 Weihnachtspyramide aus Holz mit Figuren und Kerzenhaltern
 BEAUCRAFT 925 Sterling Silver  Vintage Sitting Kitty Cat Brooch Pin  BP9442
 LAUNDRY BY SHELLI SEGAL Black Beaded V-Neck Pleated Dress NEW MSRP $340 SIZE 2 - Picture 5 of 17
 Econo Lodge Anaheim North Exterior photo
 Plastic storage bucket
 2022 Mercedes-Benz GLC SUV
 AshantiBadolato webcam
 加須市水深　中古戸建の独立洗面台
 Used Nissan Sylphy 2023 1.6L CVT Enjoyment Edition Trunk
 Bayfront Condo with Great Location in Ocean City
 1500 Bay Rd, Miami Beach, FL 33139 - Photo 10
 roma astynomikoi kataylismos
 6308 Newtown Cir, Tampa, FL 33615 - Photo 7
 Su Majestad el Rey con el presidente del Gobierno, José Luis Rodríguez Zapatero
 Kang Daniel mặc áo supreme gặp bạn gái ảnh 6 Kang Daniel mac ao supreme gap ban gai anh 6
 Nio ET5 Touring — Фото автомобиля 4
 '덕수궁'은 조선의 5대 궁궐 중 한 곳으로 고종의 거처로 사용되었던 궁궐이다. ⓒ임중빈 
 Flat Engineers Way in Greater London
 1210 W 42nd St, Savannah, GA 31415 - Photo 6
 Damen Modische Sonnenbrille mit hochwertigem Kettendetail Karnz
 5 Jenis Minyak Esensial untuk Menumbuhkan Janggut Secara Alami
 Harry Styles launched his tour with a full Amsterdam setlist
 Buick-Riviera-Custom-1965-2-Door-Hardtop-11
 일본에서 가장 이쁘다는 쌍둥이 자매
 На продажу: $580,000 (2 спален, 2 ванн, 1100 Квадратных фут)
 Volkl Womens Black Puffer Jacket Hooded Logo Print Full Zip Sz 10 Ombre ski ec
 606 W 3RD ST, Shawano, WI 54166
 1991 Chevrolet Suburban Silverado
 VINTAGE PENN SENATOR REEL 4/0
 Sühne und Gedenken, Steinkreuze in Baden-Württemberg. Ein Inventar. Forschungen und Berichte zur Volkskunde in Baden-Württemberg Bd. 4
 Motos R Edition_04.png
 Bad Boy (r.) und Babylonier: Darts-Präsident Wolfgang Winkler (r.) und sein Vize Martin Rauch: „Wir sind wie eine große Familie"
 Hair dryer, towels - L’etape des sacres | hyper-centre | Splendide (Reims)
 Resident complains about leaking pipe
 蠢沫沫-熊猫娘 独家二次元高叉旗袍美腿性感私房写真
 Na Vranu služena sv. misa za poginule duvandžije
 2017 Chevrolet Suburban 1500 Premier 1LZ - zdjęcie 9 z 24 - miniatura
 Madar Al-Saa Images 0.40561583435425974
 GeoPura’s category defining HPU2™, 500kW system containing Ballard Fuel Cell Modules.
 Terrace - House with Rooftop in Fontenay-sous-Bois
+ + + + +
• What to do
Using the records above, set down exactly the lines from the one with "AshantiBadolato webcam" through the one with "Resident complains about leaking pipe", inclusive, and nothing more.

• Exercise output
 AshantiBadolato webcam
 加須市水深　中古戸建の独立洗面台
 Used Nissan Sylphy 2023 1.6L CVT Enjoyment Edition Trunk
 Bayfront Condo with Great Location in Ocean City
 1500 Bay Rd, Miami Beach, FL 33139 - Photo 10
 roma astynomikoi kataylismos
 6308 Newtown Cir, Tampa, FL 33615 - Photo 7
 Su Majestad el Rey con el presidente del Gobierno, José Luis Rodríguez Zapatero
 Kang Daniel mặc áo supreme gặp bạn gái ảnh 6 Kang Daniel mac ao supreme gap ban gai anh 6
 Nio ET5 Touring — Фото автомобиля 4
 '덕수궁'은 조선의 5대 궁궐 중 한 곳으로 고종의 거처로 사용되었던 궁궐이다. ⓒ임중빈 
 Flat Engineers Way in Greater London
 1210 W 42nd St, Savannah, GA 31415 - Photo 6
 Damen Modische Sonnenbrille mit hochwertigem Kettendetail Karnz
 5 Jenis Minyak Esensial untuk Menumbuhkan Janggut Secara Alami
 Harry Styles launched his tour with a full Amsterdam setlist
 Buick-Riviera-Custom-1965-2-Door-Hardtop-11
 일본에서 가장 이쁘다는 쌍둥이 자매
 На продажу: $580,000 (2 спален, 2 ванн, 1100 Квадратных фут)
 Volkl Womens Black Puffer Jacket Hooded Logo Print Full Zip Sz 10 Ombre ski ec
 606 W 3RD ST, Shawano, WI 54166
 1991 Chevrolet Suburban Silverado
 VINTAGE PENN SENATOR REEL 4/0
 Sühne und Gedenken, Steinkreuze in Baden-Württemberg. Ein Inventar. Forschungen und Berichte zur Volkskunde in Baden-Württemberg Bd. 4
 Motos R Edition_04.png
 Bad Boy (r.) und Babylonier: Darts-Präsident Wolfgang Winkler (r.) und sein Vize Martin Rauch: „Wir sind wie eine große Familie"
 Hair dryer, towels - L’etape des sacres | hyper-centre | Splendide (Reims)
 Resident complains about leaking pipe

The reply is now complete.